The first session of the new lecture series: Bridging Race and Migration Studies invites Fatima El-Tayeb to speak about her influential work on migration/race and queer of color critique(s) in European migration studies. Fatima El-Tayeb's research explores how European identities are constructed by- and through “racial amnesia” and how the concepts of whiteness, race and migration are mobilized in European politics. In this session she will discuss her work with Eline Westra and Sonja Evaldsson Mellström.
|Date||27 January 2021|
Fatima El-Tayeb is Professor of Literature and Ethnic Studies and associate director of critical gender studies at the University of California, San Diego, where her innovative scholarship deals with issues of migration, sexuality, ethnicity, queerness and race in Europe. In her transdisciplinary research El- Tayeb pays particular attention to the racialization of migrants, refugees, Muslim-, Black- and queer Europeans of color. El-Tayeb is the author of several influential books and academic publications, including "European Others. Queering Ethnicity in Postnational Europe" (2011) and “UnGerman. The Construction of Otherness in the Postmigrant Society” (2016) which explores European identities through the lens of racial, ethnic, migrant and sexual histories across the continent.
In 2021, ACES launches a new online lecture series titled “Race and Migration - scholarship in between, on and beyond the borders”. Starting January 27th and reaching until June 10th, the series invites speakers and the audience to reflect on the historical divides and bridges between race and migration scholarship in Europe. During five monthly sessions, scholars from various fields are invited to discuss how they tackle the intersections between race- and migration in both their scholarly work and in institutional settings. The series is convened by Sonja Evaldsson Mellström and Eline Westra, UvA Department of Political Science.
What are the points of contestation between race- and migration studies in 21st century Europe? Why have these two fields developed parallel to, but not always in conversation with, each other?
The study of race- and ethnicity in Europe has historically been concerned with imperial pasts, postcolonial presents and constructions of race across the continent. Migration studies, on the other hand, has predominantly tackled issues of migrant settlement, integration and global mobilities focusing on questions of labour markets and economics, national identity and social cohesion, and state sovereignty. While there are notable exceptions, serious engagement with issues of race- and ethnicity has traditionally been lacking in European migration studies. Over the past decades, a shift has occurred in Europe where scholars within critical race-, migration-, post/colonial - and mobility studies increasingly have treated race and ethnicity as constitutive of migration processes.

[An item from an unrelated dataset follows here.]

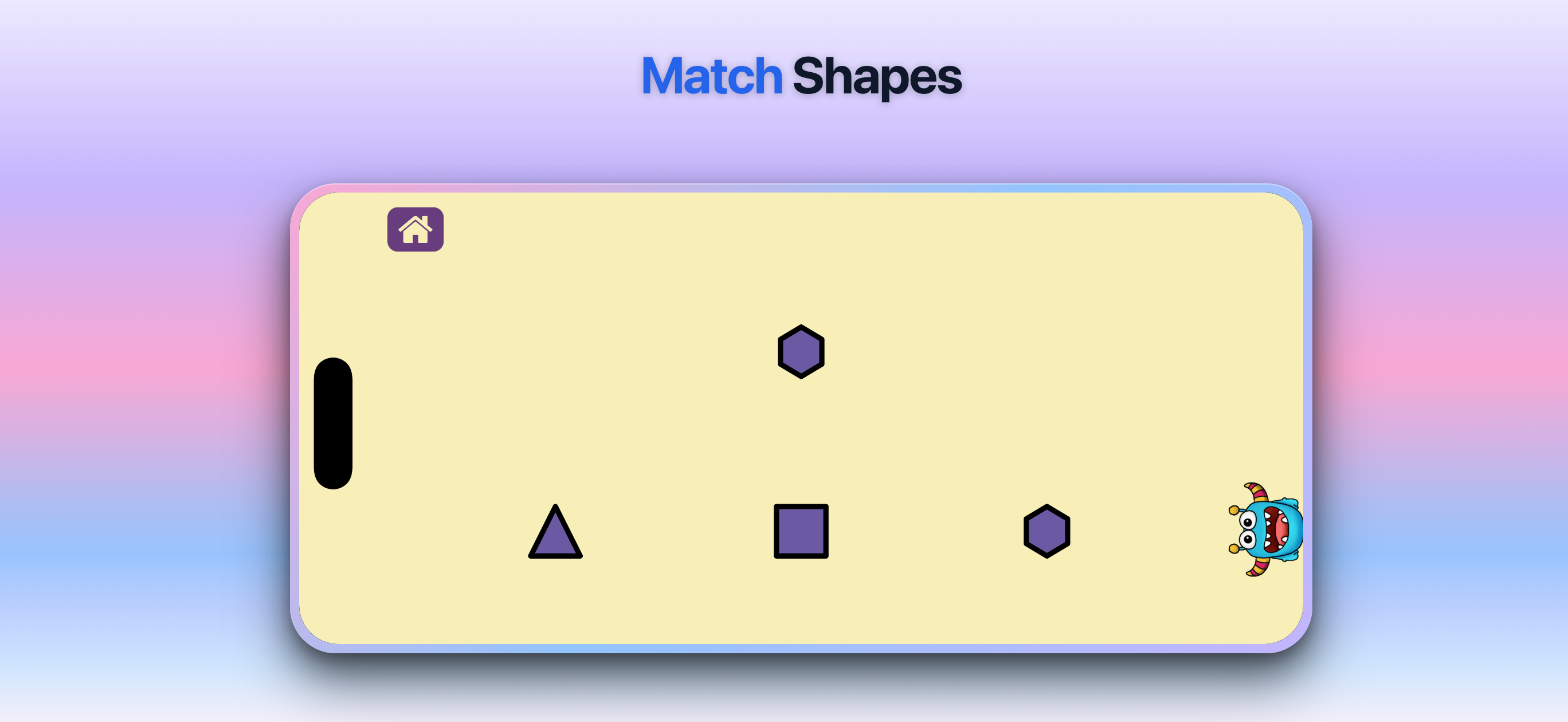 Monsty: Shapes & Sizes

This IMES/ACES lecture series invites six scholars to reflect on how the intersections between ethnicity-, race,- post/colonial- and migration scholarship inform both their own work and the larger field of migration studies. The series offers a platform for students, scholars and practitioners to critically engage with the historical divides and bridges between race and migration scholarship. Through the discussions the series aim to create avenues for tackling the issue of race in studies of transnational mobility and to provide a space to reflect on how academia institutionally can bridge the historical divides.